Earth Science and Engineering, Imperial College London
Doi
Abstract
The ability to distinguish between regions with different material properties is essential
when numerically modelling many physical systems. Using a dual control volume
mesh that avoids the problem of corner coupling, the HyperC face value scheme is extended
to multiple dimensions and applied as a device for material advection on unstructured
simplex meshes. The new scheme performs well at maintaining sharp interfaces
between materials and is shown to produce small advection errors, comparable to those
of standard material advection methods on structured meshes. To further minimise numerical
diffusion of material interfaces a total variation bounded
flux limiter, UltraC, is
defined using a normalised variable diagram.
Combining the material tracking scheme with dynamically adapting meshes, the use
of a minimally dissipative bounded projection algorithm for interpolating fields from
the old mesh to the new, optimised mesh is demonstrated that conserves the mass of
each material. More generally, material conservation during the advection process is
ensured through the coupling of the material tracking scheme to the momentum and mass
equations.
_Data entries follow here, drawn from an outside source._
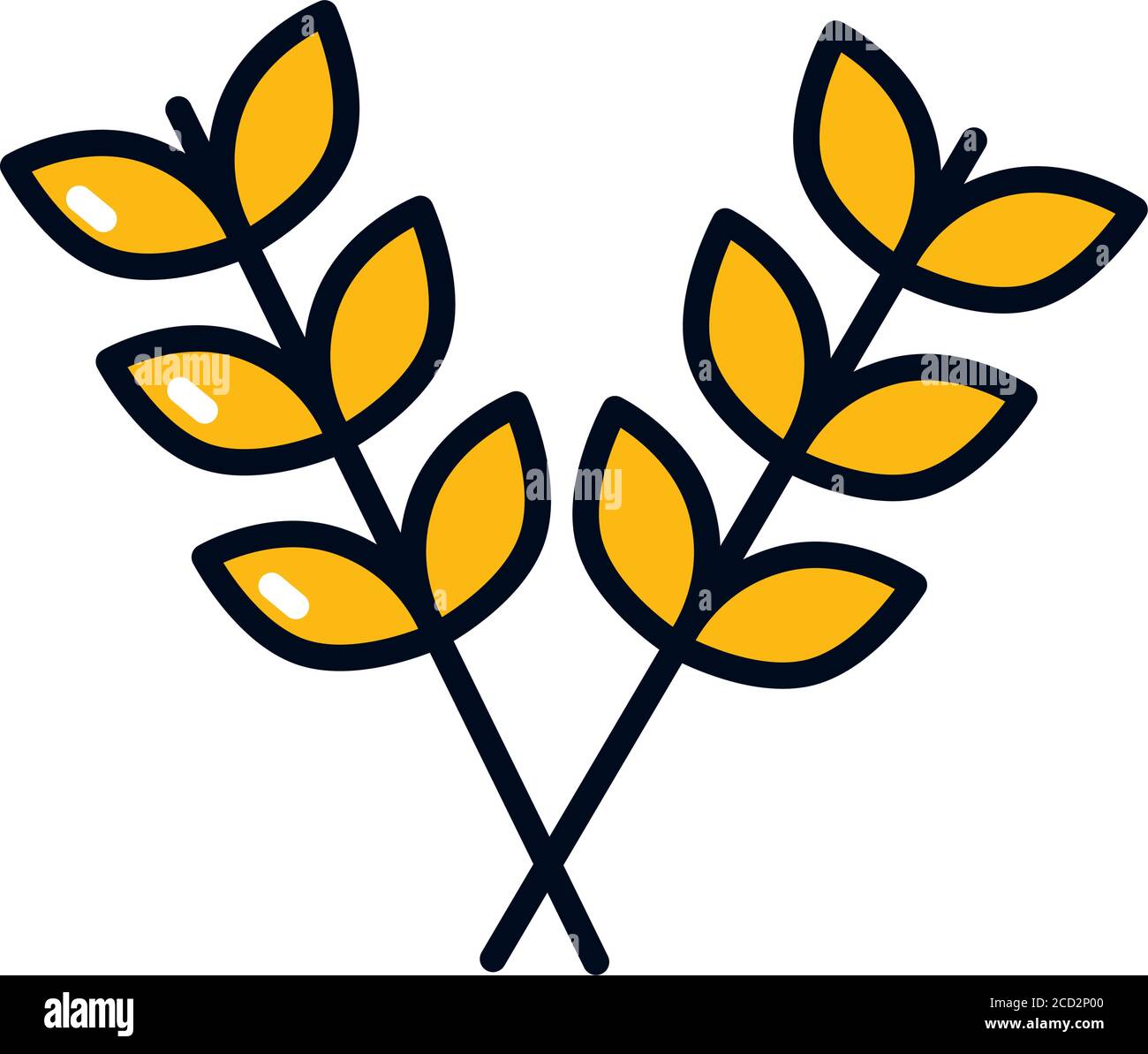 wheat ears icon over white background, line and fill style, vector ...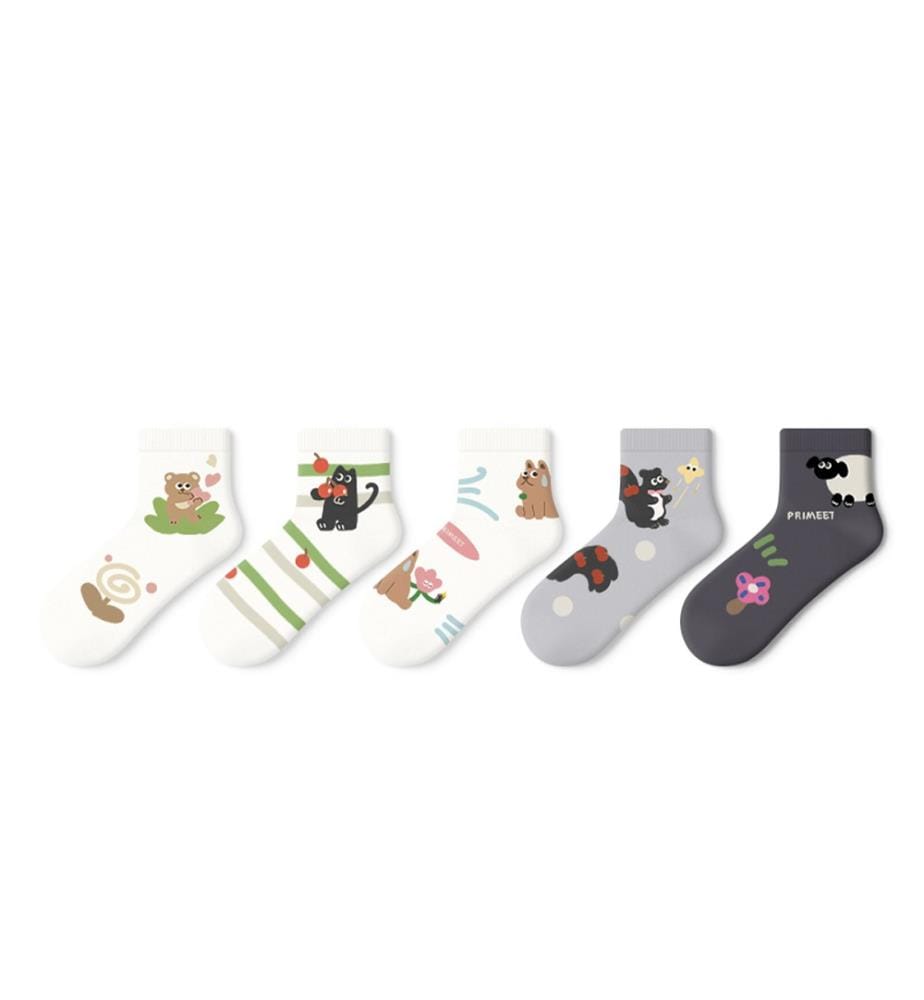 Chaussettes courtes minces avec illustration d'animaux Kawaii - Lot de 5 paires pour l'été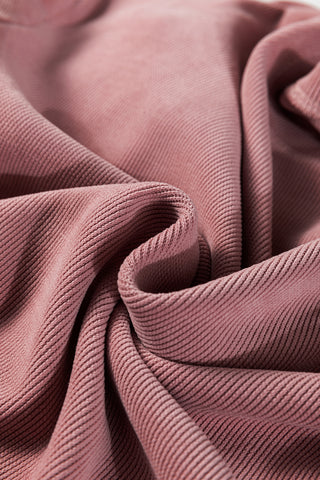 Dark Brown Solid Color Textured Knit Drop Shoulder Pullover Drawstring Shorts Set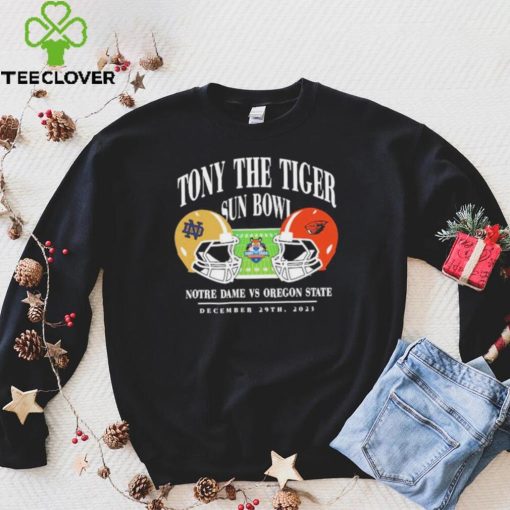 Notre dame fighting irish vs Oregon state beavers 2023 tony the tiger sun bowl hoodie, sweater, longsleeve, shirt v-neck, t-shirt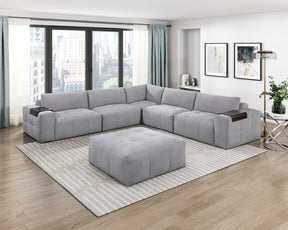 Tidal Gray Ottoman With Caster - Ornate Home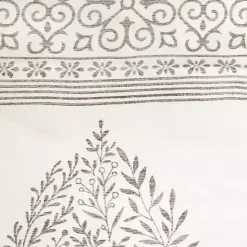 Kirklands Home Gray Teardrop Leaves Curtain Panel Set, 84 in.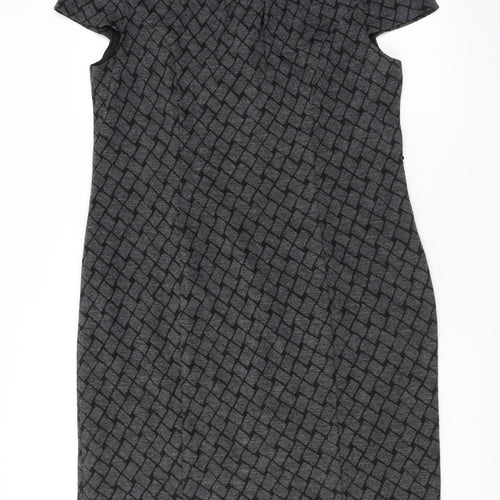 Country Casuals Womens Grey Geometric Acrylic Bodycon Size 16 Round Neck Zip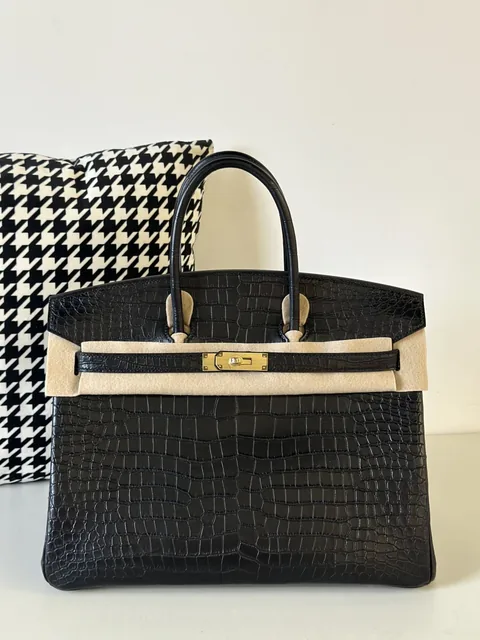 Crocodile Leather Black 35cm Matte Gold Hardware Top Handle Tote Bag WCB042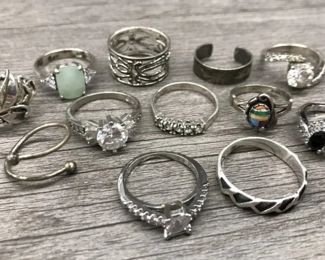 Sterling Silver Ring Lot Of 12 With Multicolor Stones Elegant Cuff Band 35.28 Grams $150 for all or 2 for $50 Picture 1 of 2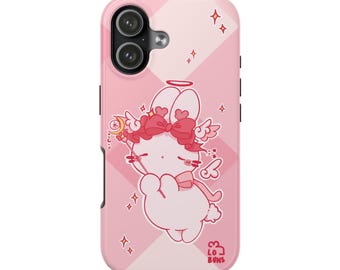 Coque pour portable ange lapin kawaii | Protection Guardian rose pastel
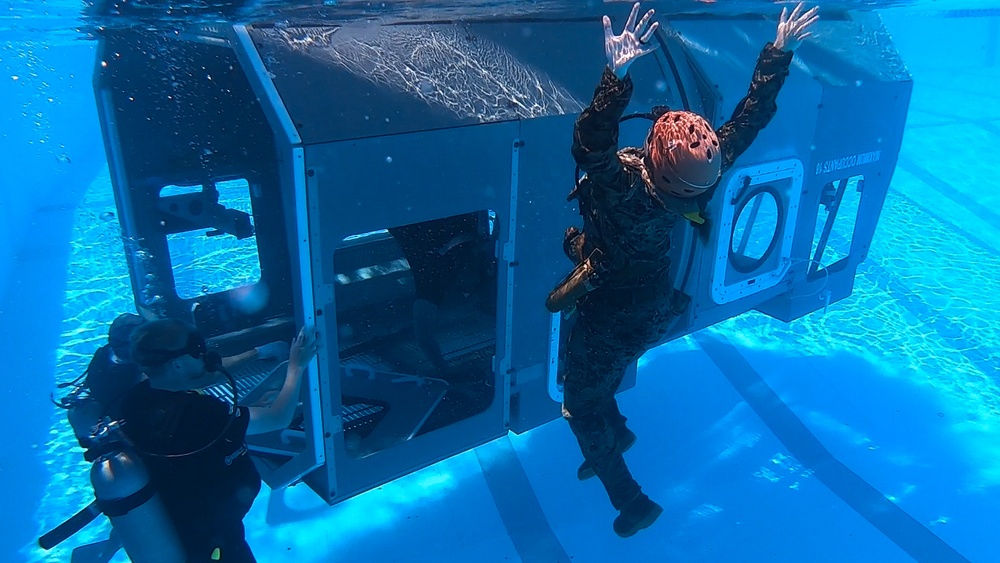 Marines with III MEF conduct Underwater Egress Training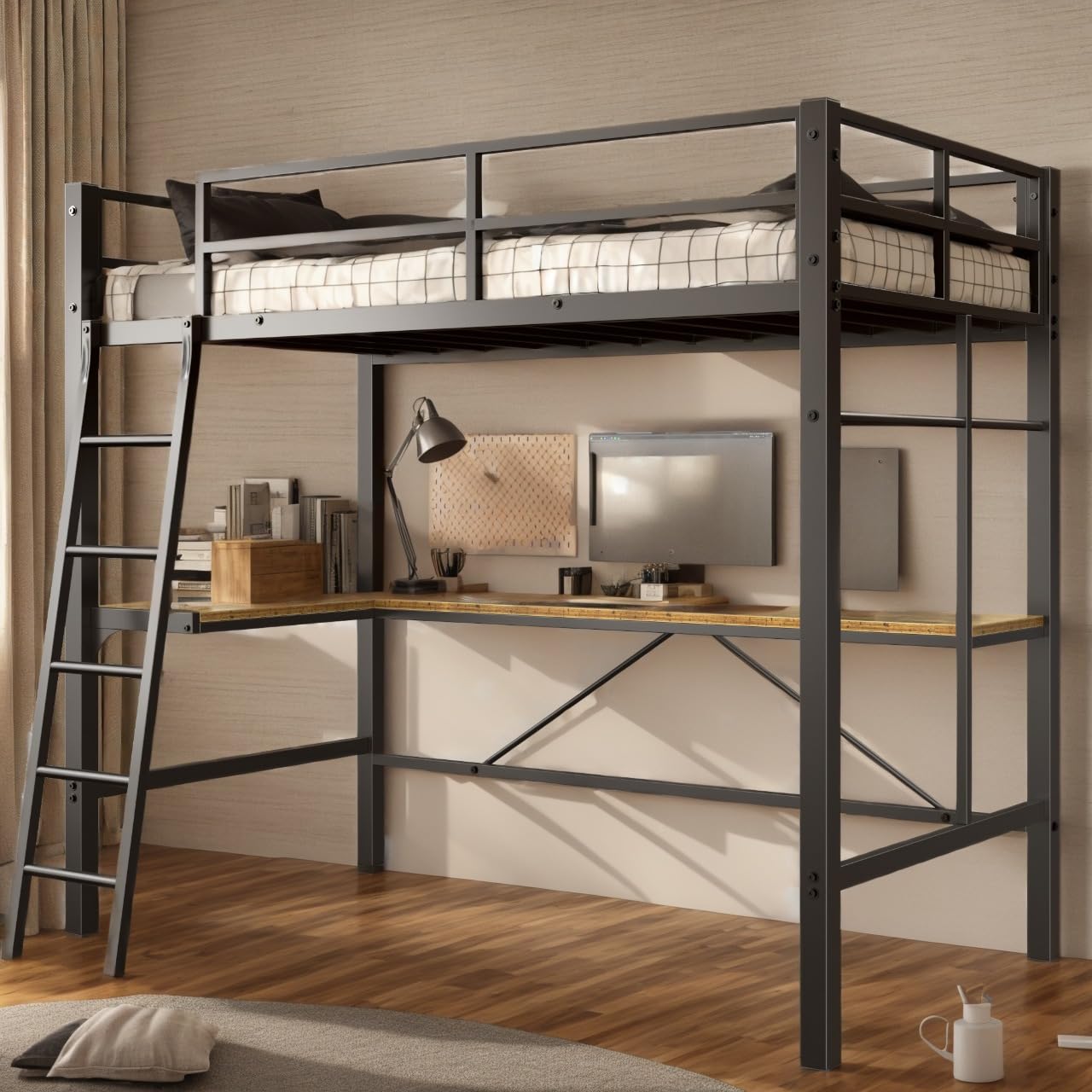 Metal Loft Bed Twin Size with Desk, Heavy Duty Twin Bed Frame with Ladder & Guardrail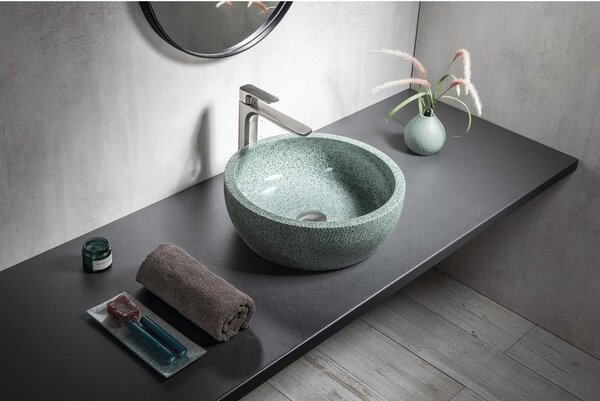 Lavabo rotondo verde in ceramica ø 42 cm Priori – Sapho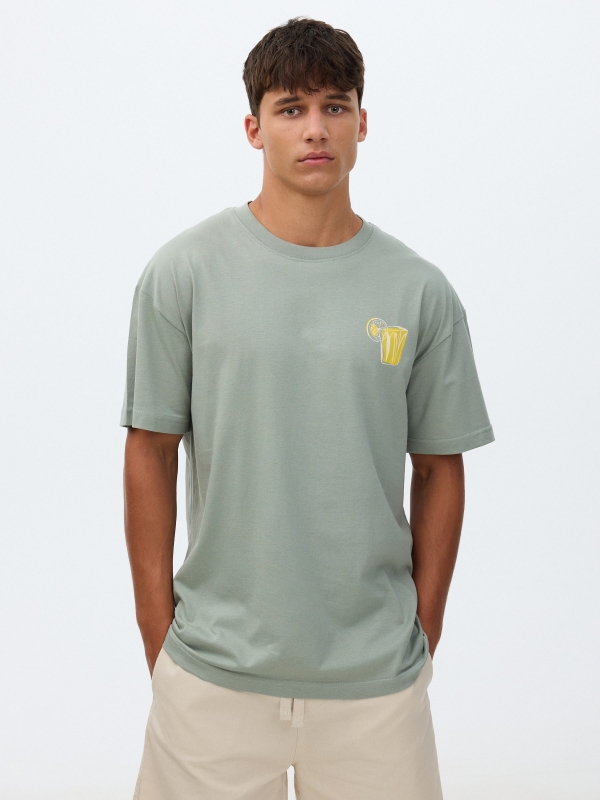 Mini print T-shirt green middle front view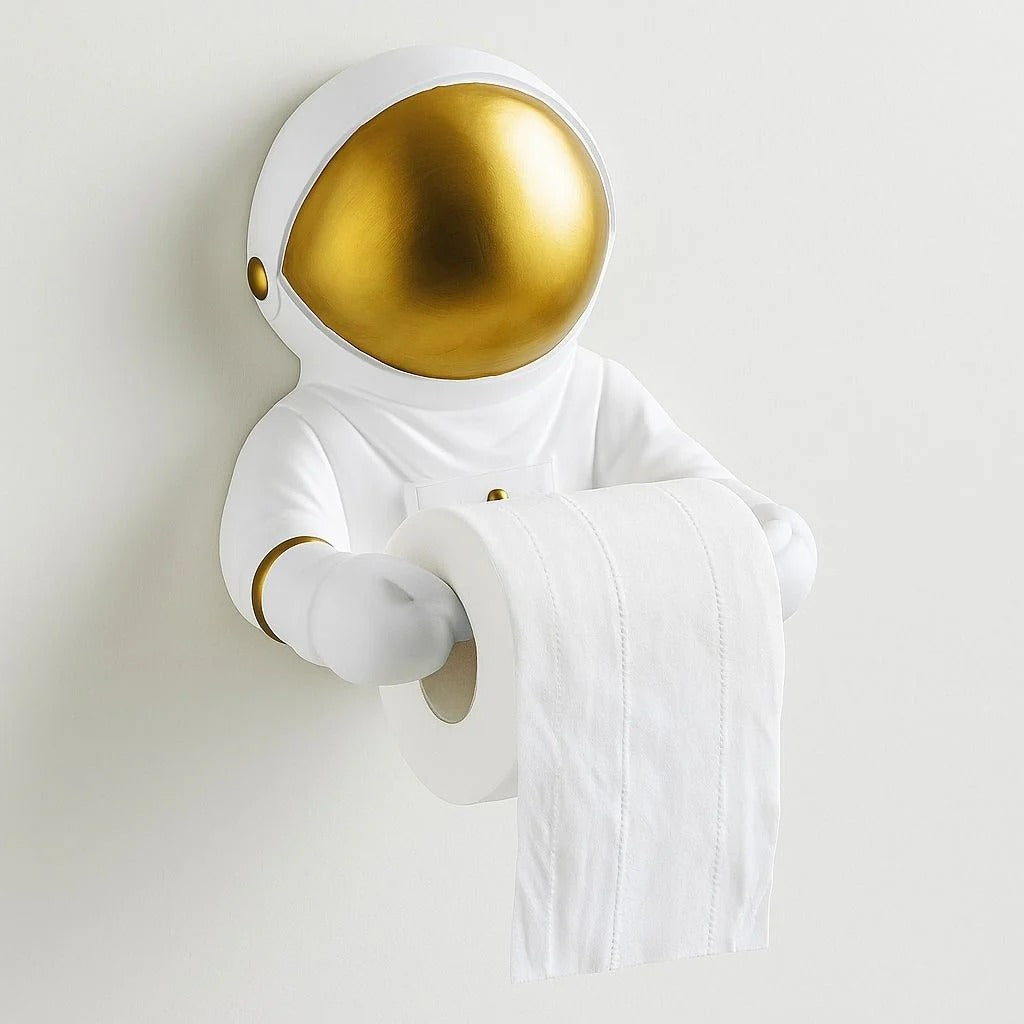 Brey Astro Astronaut Tissue Holder in Bathroom
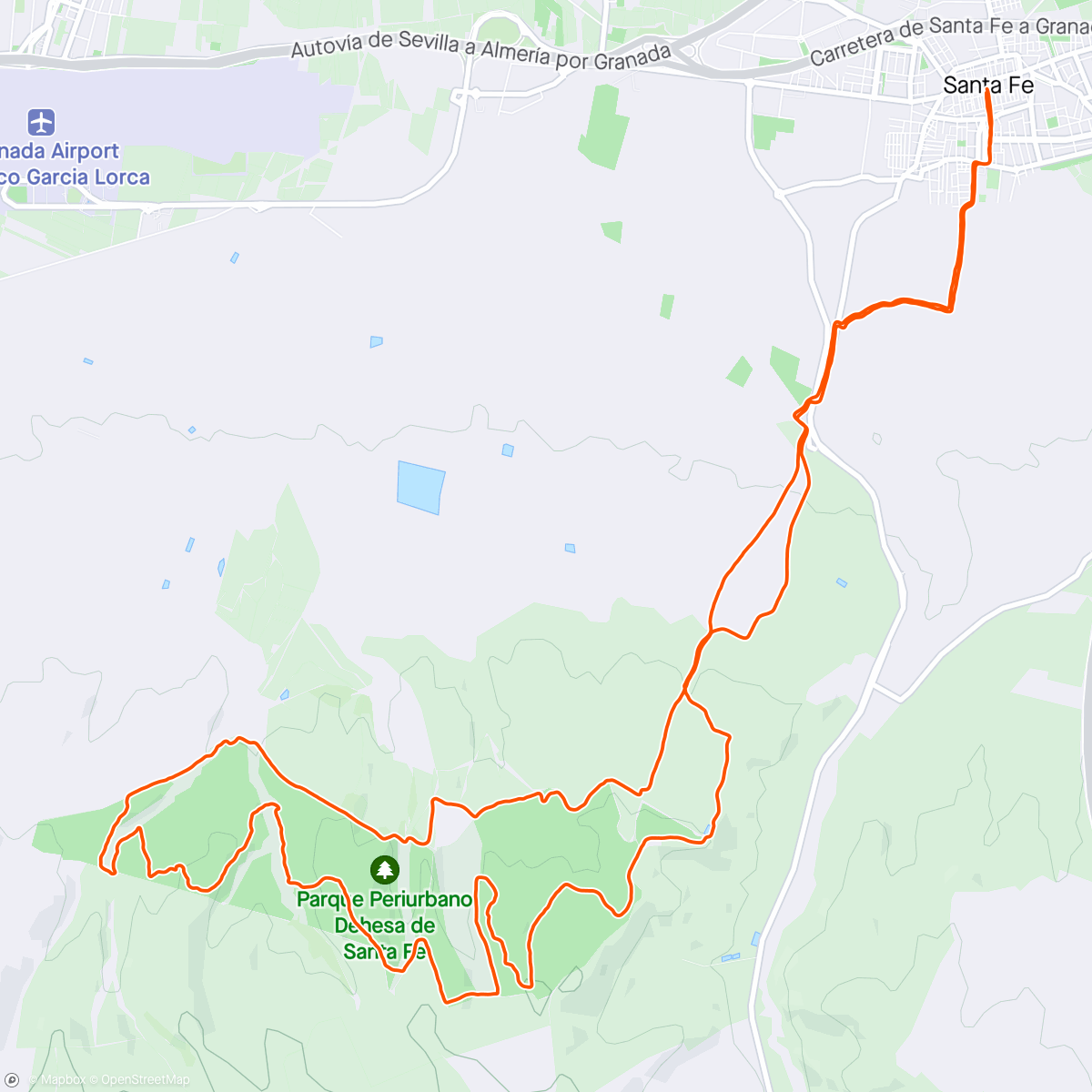 Map of the activity, Trail santafé 😜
A new element pair for the discretisation of velocity and pressure is proposed
that maintains the stability of the system while conserving the mass of materials.
When modelling multiple materials the use of independent advection algorithms for
each material can lead to the problem of non-physical material overlap. A novel coupled
flux limiter is developed to overcome this problem. This automatically generalises
to arbitrary numbers of materials. Using the fully coupled (and rigorously verified)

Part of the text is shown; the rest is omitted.